Auch der mediterrane Ausflug meiner Frau ins Land der saftigen Lämmer wurde nicht bereut.
Lammnüsschen mediteran aka "Premium-Mäh"
Die aus der Keule geschnittenen Medaillons wurden vorher wahrscheinlich gut mariniert bevor sie zusammen mit Kräutern in Pfanne landeten. Besser kann gebratenes Fleisch kaum riechen. Ich gönnte der gegenübersitzenden „Lammkundin“ ihr „Premium-Mäh“, das mit gerösteten Kartoffeln und Gemüse aus dem Ofen die passenden Beigaben erhielt. Dass die angegossene Rosmarinjus geschmackliche Tiefe besaß, war dann auch keine Überraschung mehr.

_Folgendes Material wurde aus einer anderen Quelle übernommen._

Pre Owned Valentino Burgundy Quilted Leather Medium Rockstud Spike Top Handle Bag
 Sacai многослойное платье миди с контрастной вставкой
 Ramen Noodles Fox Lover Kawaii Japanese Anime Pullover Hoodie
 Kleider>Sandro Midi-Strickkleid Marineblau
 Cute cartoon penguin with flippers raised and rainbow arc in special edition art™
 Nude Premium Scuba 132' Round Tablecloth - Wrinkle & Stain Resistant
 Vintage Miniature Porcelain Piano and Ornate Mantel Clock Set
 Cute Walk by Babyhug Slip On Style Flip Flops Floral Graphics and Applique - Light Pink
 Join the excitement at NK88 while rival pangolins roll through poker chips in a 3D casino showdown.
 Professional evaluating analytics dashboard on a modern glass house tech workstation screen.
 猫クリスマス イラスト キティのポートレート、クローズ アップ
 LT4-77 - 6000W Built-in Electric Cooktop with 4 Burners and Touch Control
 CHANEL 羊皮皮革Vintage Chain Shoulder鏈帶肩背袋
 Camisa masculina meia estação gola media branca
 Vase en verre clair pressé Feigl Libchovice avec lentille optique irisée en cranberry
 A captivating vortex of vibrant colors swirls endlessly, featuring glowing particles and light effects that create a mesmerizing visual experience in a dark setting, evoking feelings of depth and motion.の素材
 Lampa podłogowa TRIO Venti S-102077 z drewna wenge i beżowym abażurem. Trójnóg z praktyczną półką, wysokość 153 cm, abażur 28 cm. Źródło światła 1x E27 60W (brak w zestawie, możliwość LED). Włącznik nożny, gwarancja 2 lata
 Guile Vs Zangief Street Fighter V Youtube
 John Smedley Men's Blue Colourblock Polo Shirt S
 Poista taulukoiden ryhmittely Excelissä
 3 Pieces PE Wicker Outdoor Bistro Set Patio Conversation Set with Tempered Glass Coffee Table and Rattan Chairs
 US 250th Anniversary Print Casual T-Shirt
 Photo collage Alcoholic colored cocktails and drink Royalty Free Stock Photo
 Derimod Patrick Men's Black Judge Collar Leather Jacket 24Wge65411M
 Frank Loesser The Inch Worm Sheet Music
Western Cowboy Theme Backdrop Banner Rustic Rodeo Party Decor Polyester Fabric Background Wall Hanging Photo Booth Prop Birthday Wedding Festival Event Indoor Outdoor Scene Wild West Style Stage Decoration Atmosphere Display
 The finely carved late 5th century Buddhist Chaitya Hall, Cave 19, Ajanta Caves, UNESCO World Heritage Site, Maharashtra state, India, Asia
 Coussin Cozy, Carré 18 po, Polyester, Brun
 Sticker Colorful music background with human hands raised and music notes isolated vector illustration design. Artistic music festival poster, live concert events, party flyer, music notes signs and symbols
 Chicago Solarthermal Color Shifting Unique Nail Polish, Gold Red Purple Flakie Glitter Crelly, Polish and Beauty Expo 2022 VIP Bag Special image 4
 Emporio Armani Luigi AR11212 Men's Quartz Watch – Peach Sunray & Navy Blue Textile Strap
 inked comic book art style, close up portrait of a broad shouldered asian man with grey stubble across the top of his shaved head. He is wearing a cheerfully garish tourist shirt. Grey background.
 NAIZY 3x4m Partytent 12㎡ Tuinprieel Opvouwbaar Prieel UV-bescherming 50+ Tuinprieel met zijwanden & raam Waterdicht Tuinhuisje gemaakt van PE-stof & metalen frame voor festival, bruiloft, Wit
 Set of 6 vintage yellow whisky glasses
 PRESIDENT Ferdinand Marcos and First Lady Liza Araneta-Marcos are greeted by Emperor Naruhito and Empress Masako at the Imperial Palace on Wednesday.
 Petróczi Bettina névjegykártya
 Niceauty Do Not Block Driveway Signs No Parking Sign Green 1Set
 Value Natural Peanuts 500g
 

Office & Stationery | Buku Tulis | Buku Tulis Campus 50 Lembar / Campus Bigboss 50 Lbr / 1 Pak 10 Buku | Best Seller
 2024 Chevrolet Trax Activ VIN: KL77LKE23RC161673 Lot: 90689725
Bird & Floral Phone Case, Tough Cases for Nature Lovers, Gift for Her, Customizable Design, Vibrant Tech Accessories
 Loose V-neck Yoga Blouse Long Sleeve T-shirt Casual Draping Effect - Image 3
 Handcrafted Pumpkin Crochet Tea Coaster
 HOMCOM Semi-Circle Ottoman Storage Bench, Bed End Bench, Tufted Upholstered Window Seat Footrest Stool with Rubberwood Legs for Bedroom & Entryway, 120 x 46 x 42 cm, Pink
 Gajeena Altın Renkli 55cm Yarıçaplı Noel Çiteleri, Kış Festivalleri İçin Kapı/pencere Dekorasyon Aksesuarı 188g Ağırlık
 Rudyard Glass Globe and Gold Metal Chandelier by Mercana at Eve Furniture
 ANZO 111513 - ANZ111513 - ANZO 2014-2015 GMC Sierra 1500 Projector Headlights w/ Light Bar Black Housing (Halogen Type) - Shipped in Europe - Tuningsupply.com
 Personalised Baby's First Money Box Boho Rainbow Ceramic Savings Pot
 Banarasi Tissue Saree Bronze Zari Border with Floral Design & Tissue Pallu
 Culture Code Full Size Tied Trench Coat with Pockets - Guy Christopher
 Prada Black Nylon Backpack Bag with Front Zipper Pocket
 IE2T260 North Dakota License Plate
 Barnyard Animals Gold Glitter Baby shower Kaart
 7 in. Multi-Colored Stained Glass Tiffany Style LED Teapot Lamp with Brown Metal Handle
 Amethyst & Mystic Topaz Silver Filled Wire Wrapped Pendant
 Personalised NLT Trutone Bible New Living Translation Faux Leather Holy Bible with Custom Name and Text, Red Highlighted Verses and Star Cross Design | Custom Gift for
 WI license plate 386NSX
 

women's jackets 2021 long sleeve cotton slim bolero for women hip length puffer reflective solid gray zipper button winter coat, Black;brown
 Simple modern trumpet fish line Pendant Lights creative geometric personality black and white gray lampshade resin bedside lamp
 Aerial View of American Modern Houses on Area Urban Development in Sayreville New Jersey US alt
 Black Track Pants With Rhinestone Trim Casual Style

Gut gesättigt und mit der Gewissheit, dass am Abend noch ein dreigängiges Menü samt Salatbuffet im Hotel Rössle auf uns wartete – ich entschied mich verständlicherweise für den Steinbutt –, verließen wir ohne einen süßen Abschluss das sehr empfehlenswerte Gasthaus der Familie Zöller und gönnten unserem Töchterchen auf dem Spielplatz nebenan noch ein wenig Bewegung.
Den Adler in Wangen-Deuchelried werden wir uns für zukünftige Rastpausen auf dem Weg in den Bregenzerwald mit Sicherheit merken. Danke, lieber „Gast im Haus“ für diesen tollen Tipp!